Fast batch scalar/tensor multiplication

I have two tensors: binary tensor A of dimension (Nx1) and B of dimensions (NxCxHxW). I want to multiply them in such a way that each element in A serves as a scalar multiplier to each tensor in B, hence the output should be of size (NxCxHxW). Considering A is binary, what is the fastest way to do this in a forward pass ? Both A and B are outputs of some modules. I tried resizing A to the same size as B but that’s time consuming since B can be of a larger size.

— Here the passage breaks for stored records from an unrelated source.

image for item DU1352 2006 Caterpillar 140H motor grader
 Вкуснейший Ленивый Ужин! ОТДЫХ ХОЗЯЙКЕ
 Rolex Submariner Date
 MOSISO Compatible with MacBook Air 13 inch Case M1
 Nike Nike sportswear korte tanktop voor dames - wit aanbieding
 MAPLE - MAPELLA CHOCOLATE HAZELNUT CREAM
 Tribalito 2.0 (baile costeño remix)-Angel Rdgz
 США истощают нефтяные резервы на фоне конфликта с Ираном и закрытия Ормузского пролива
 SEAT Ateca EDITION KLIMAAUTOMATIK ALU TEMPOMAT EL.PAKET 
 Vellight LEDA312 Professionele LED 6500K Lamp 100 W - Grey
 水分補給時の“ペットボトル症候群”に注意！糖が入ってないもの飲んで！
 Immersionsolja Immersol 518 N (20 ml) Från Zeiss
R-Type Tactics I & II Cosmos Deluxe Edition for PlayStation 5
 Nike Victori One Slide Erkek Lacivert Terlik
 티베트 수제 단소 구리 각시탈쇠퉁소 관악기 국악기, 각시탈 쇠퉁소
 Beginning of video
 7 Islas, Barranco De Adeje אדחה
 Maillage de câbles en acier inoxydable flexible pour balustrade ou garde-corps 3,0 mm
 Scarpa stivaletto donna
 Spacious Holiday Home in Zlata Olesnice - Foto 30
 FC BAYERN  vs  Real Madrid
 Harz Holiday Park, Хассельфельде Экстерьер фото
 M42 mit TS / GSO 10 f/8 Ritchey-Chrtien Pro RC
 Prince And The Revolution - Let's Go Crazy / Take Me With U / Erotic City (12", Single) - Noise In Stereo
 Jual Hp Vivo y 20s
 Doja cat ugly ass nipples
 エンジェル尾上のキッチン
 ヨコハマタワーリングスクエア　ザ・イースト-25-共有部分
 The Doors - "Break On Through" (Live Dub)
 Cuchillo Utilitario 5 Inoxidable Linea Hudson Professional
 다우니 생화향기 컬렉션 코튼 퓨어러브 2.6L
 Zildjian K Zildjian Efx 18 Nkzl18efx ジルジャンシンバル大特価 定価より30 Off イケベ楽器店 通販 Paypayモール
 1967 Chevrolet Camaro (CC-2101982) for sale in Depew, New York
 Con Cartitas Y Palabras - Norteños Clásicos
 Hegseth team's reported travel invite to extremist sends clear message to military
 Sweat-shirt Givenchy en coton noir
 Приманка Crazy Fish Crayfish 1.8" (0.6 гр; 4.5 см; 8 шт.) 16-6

Make Nx1 to Nx1x1x1 and multiply.

C = A.view(-1,1,1,1) * B
print(C.size()) # NxCxHxW

This is called broadcasting.

I don’t know how to utilize it for performance that A is binary.
However many codes just use FloatTensor with 0.0 and 1.0 as a mask and multiply it to the other FloatTensor.

I wanted to especially avoid the trivial solution (broadcasting) or atleast find a better alternative. Since A is binary I was trying to use something like index_select but it seems to not work during the forward pass.

index_select would work, but it serves the different purpose.

  • You will get a tensor of dynamic shape (?xCxHxW) instead of (NxCxHxW)
  • Backprop through integer index doesn’t work.

I had the same question before, and imho, broadcasting is the best way. Masking is very common in deep learning and people do this way. Maybe it can be improved but not worth the effort.